→ How to complete this task:
The answer must be an exact copy of the lines from the one containing "ULD-F052 RGB RC" through the last line of the records, with no pictures.

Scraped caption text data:
= = = = = = =

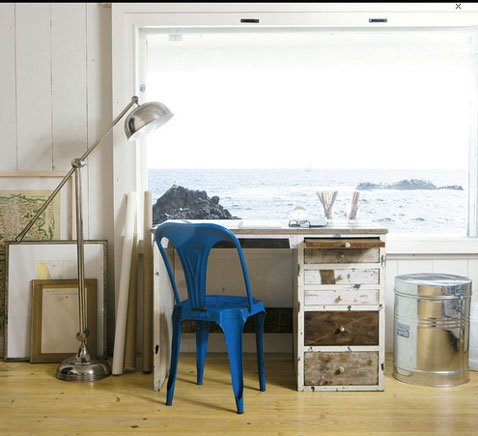 decoration chambre enfant avec un bureau en bois patiné blanc et taupe finition ciré 4 tiroirs de rangements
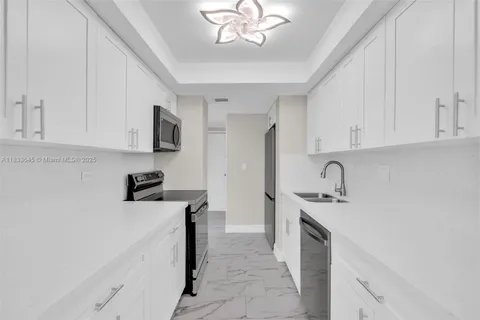 251 174th St # 1415, Sunny Isles Beach FL 33160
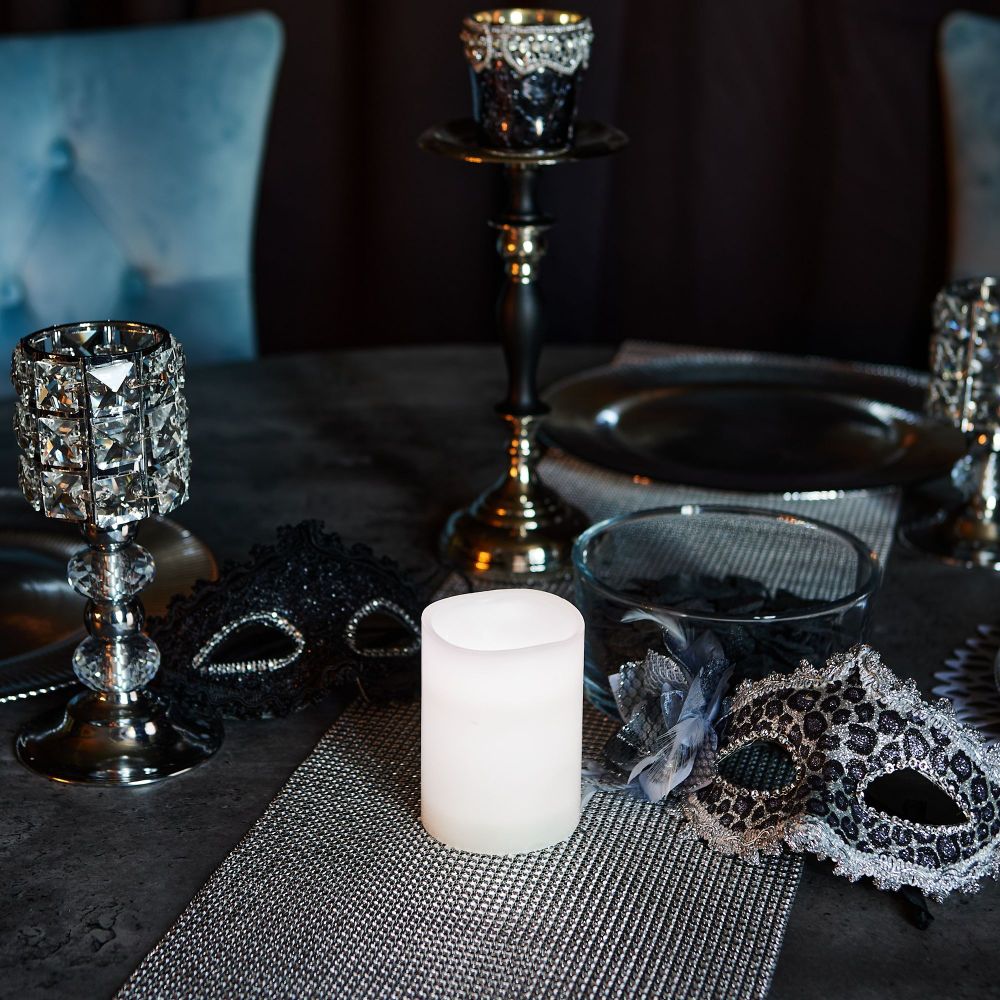 ULD-F052 RGB RC CANDLE Фигура светодиодная Свеча на батарейках 2АА не в-к. 7.5х10 см. 1 светодиод. RGB свет. Пульт ДУ в-к. TM Uniel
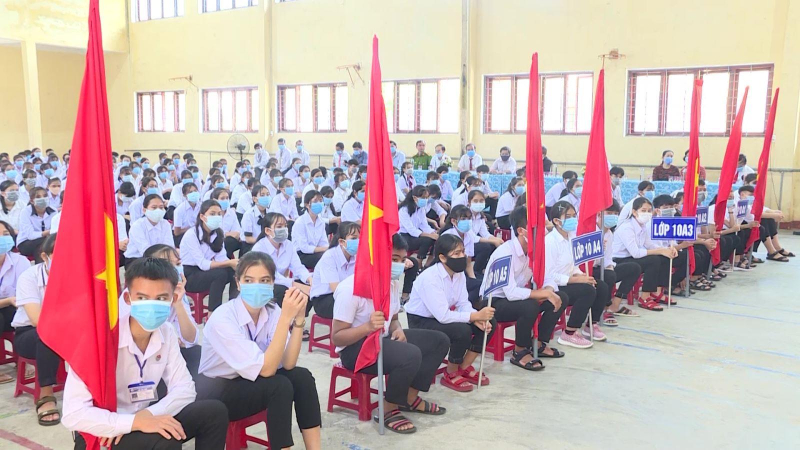 Trường THPT D&acirc;n tộc nội tr&uacute; tỉnh khai giảng năm học 2020-2021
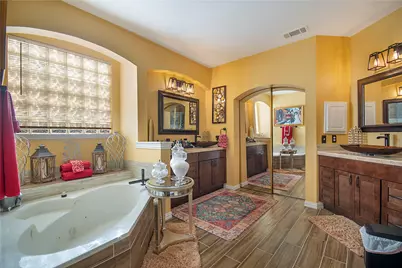 663 E Sandra Lane, Grand Prairie, TX 75052 - Photo 24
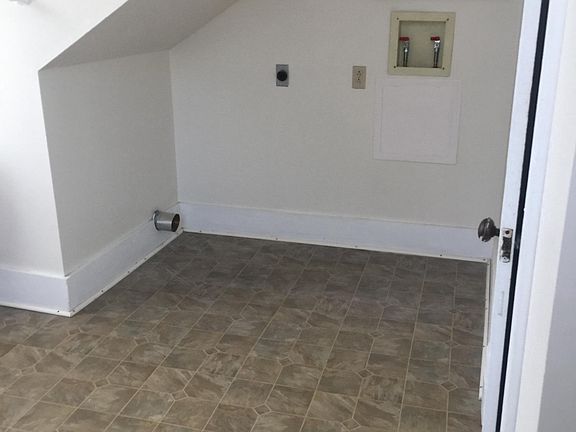 4th image of 501 Arch St
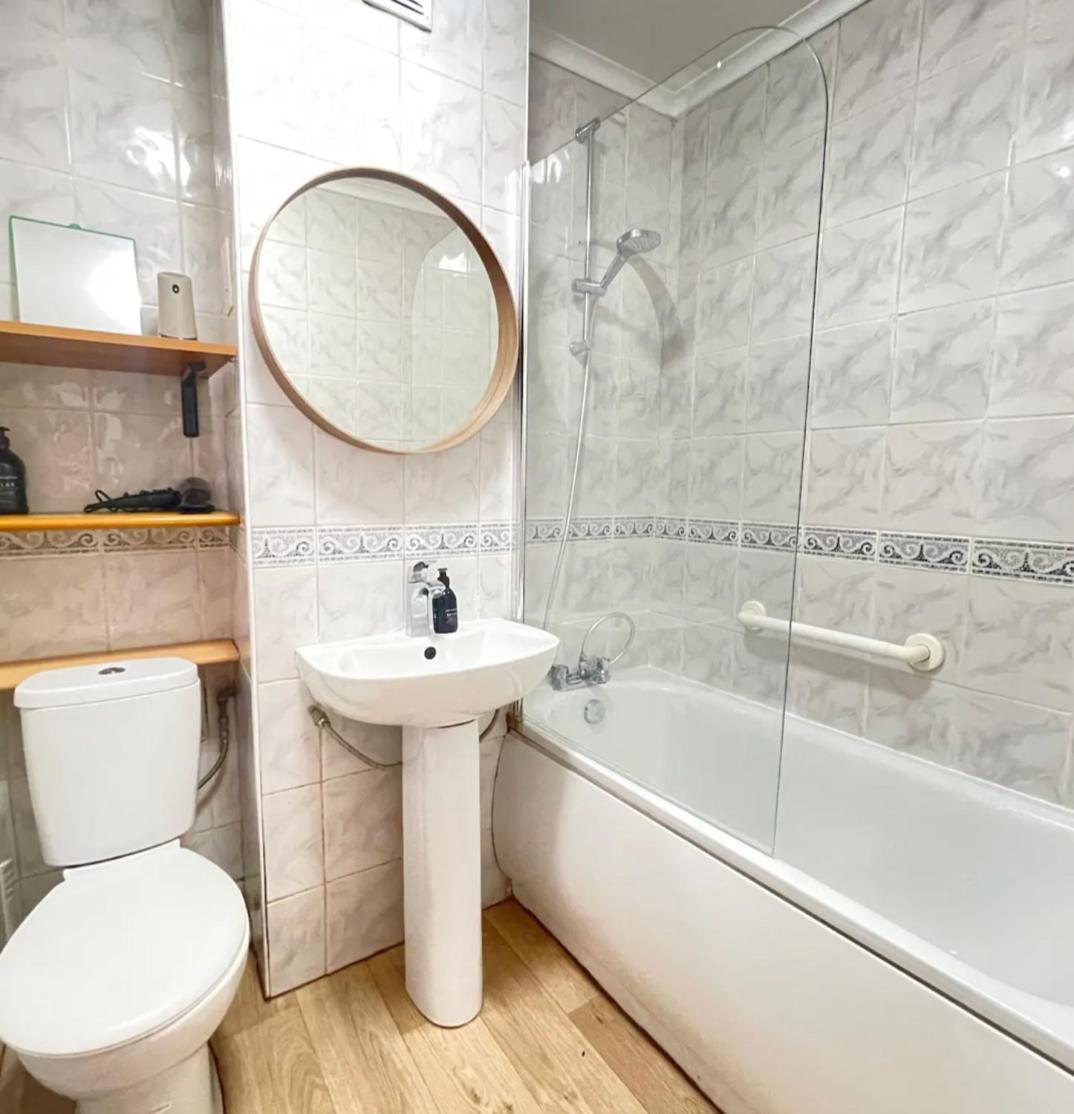 Apartment Hyde Park Gate London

= = = = = = =

→ Your solution:
 ULD-F052 RGB RC CANDLE Фигура светодиодная Свеча на батарейках 2АА не в-к. 7.5х10 см. 1 светодиод. RGB свет. Пульт ДУ в-к. TM Uniel
 Trường THPT D&acirc;n tộc nội tr&uacute; tỉnh khai giảng năm học 2020-2021
 663 E Sandra Lane, Grand Prairie, TX 75052 - Photo 24
 4th image of 501 Arch St
 Apartment Hyde Park Gate London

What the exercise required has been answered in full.